Nel quadro della circolazioni degli ufficiali tra le città appartenenti ad un medesimo schieramento politico, A. fu chiamato, prima e dopo la conquista di Ferrara, ad assumere incarichi pubblici in alcuni di quei Comuni che si opponevano all’espansione del dominio ezzeliniano. Si trattava del resto in buona parte di città già inserite in quella trama che aveva costituito la cosiddetta pars marchionis intessuta a suo tempo da Azzo VI.
Prima di essere stato nel 1247 e nel 1253 podestà di Mantova, A. lo era peraltro stato di Vicenza nel 1236, città dalla quale era dovuto ripiegare all’arrivo di Ezzelino e Federico II.
Intorno alla metà degli anni ’50, A. assunse anche il comando dell’esercito del legato pontificio impegnato nella guerra contro Ezzelino.

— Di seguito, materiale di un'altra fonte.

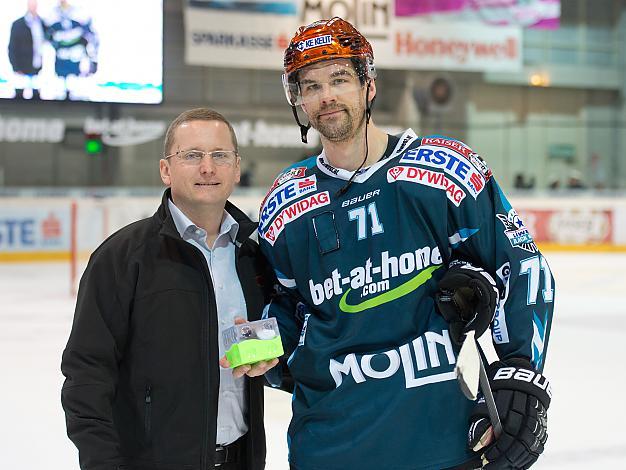 Spieler des Abends, Pat Leahy, Linz, EHC Liwest Black Wings Linz vs HCB Suedtirol, Bozen, Pick Round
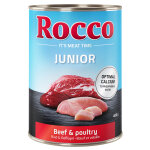 6x400g junior volaille, boeuf rocco - nourriture pour chien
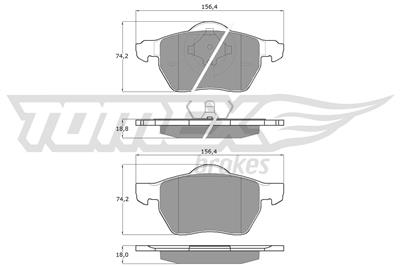 TOMEX Brakes TX 13-131 Číslo výrobce: 13-131. EAN: 5906485553749.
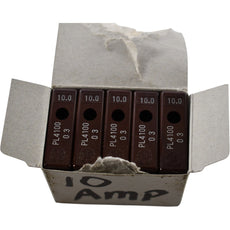NEW Pack of 5 Daito PL4100 10.0 Alarm Fuse 10A 125V Fanuc CNC Replacement
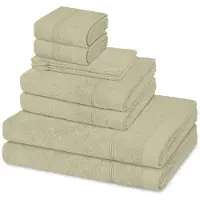 Ross Sonstiges 2 X washandjes 2 X gasten- 2 X douche- 2 X handdoek - in set 8 pack Rubin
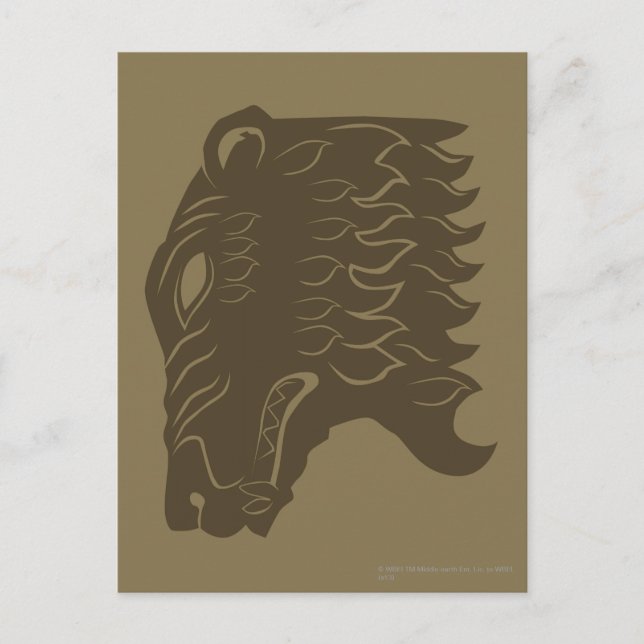 BEORN™  Bear Head Symbol Postcard (Front)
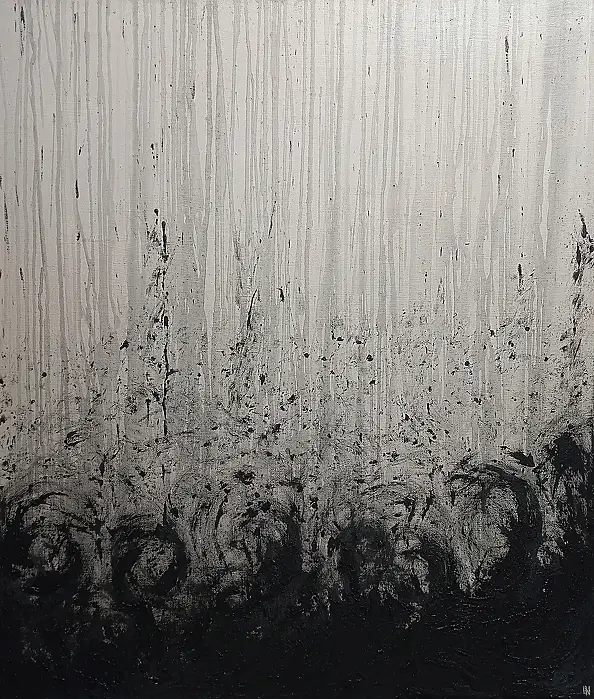Iwona Jabłońska, Ungezügelte Stärke, Kreide, Lasur, Acrylgemälde, Ölbild, Mischtechniken - Leinwand, 100 x 120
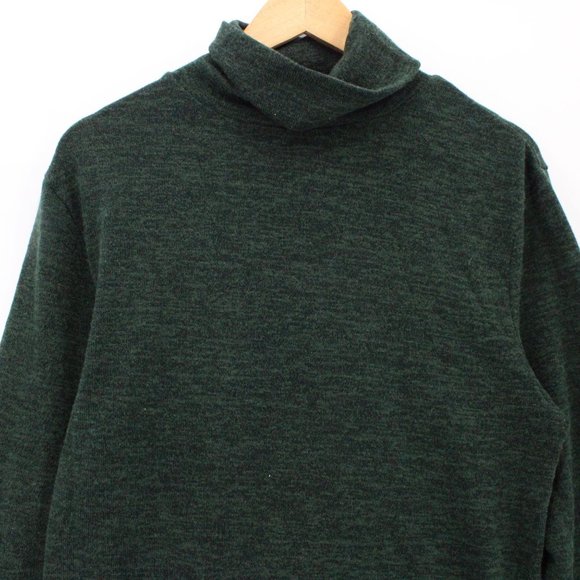 H2H Turtle Neck Sweater Mens Brown Pullover Long Sleeve Soft Cotton Blend Large - Picture 2 of 8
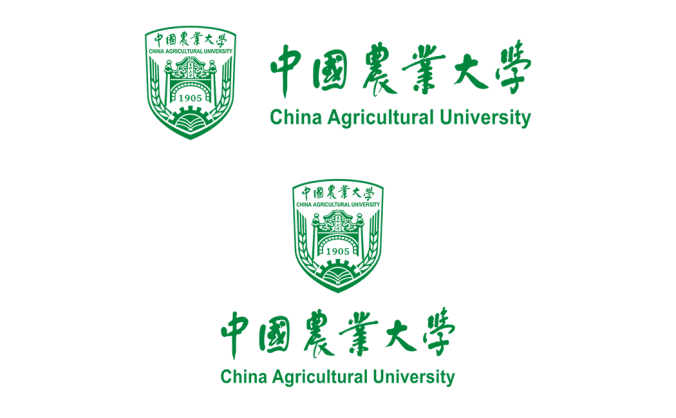大学校徽系列:中国农业大学标志矢量图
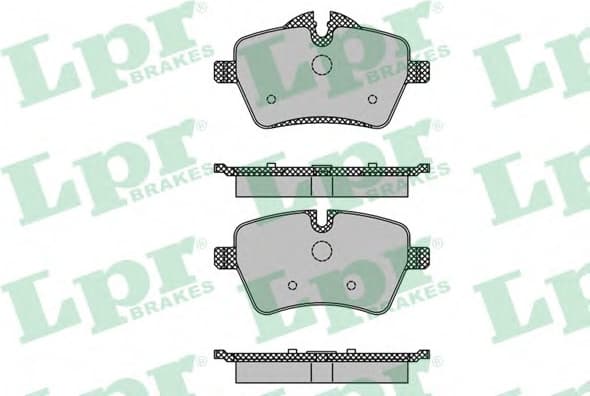 Brake pads front 5SP1485.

La famiglia Este, già prima dell’ascesa di A., realizzò costantemente una massiccia infiltrazione di propri clienti nei capitoli della cattedrale ed un’invasiva imposizione di avvocati sui principali enti monastici del Ferrarese e di tutto il Polesine. Questa strategia permise ad A., da un lato, un controllo sulle procedure di nomine di presuli ed abati, dall’altro di attuare una concreta espropriazione dei patrimoni fondiari di tali istituti, concessi feudalmente a congiunti, partigiani e sostenitori al fine di alimentare le proprie clientele.
Una timida espressione di disaffezione nei confronti di A. dovette manifestarsi già nel 1247 allorché l’Este, a causa delle pressioni esercitate da una parte dell’élite cittadina, si dimise dalla carica podestarile che aveva fino ad allora rivestito. Una scelta peraltro motivata, forse, anche dal desiderio di sottrarsi all’immagine di padrone indiscusso della vita pubblica ferrarese e di sovvertitore della tradizionale alternanza ai vertici delle strutture istituzionali. Che la posizione egemonica di A. fosse tutt’altro che compromessa da questo accadimento è dimostrato non tanto dall’attribuzione allo stesso Este di una pensione annua a tempo indeterminato quanto dalla solidità di quelle reti clientelari intessute nel corso degli anni precedenti.
Il predominio di A. avrebbe del resto assistito ad una più violenta forma di contestazione nel 1261. In quell’anno un’ancora vitale fronda costituita da alcune di quelle famiglie, come i Ramberti, che erano state fedeli sostenitrici di Salinguerra Torelli, tentò d’abbattere violentemente il regime azzoliniano attraverso una congiura che fu comunque scoperta e repressa con facilità.
L’egemonia di A. sulla città di Ferrara si concluse solo in occasione della sua morte alla metà del febbraio 1264. Nel testamento, A. indicava quale suo unico erede il nipote Obizzo, figlio di suo figlio Rinaldo, premortogli nel 1251 mentre era prigioniero in Puglia (forse assassinato per volere di Corrado IV) dopo essere stato catturato da Federico II.
La perdita della documentazione archivistica ferrarese a causa dell’incendio che distrusse nel 1385 le carte della camera actorum costringe le ricostruzioni dell’età precedente a fondarsi in modo massiccio sulle fonti cronachistiche. Una parziale integrazione è comunque garantita dai documenti conservati presso l’Archivio di Stato di Modena, Archivio segreto Estense, Documenti riguardanti la casa e lo Stato.
Fonti: J.T. Bömer, Regesta Imperii, V, 1-3, Innsbruck 1881-1901 ad indic. sub voce; Chronicon Estense, a cura di G. Bertoni – E.P. Vicini, in Rer. Ital. Scrip.2, XV, 3; L.A. Muratori, Antiquitates Italicae Medii Aevi, Milano 1738-41; Id., Delle antichità estensi ed italiane, I, Modena, 1717; Gerardi Maurasii, Cronica dominorum Ecelini et Alberici fratrum de Romano, a cura di G. Soranzo, in Rer. Ital. Scrip.2, VIII, 4; Rolandini Patavini, Cronica in factis et circa facta Marchie Trivixane, a cura di A. Bonardi, in Rer. Ital. Scrip.2, VIII, 1; Riccobaldus Ferrariensis, Cronica parva Ferrariensis, a cura di G. Zanella, Ferrara, 1983.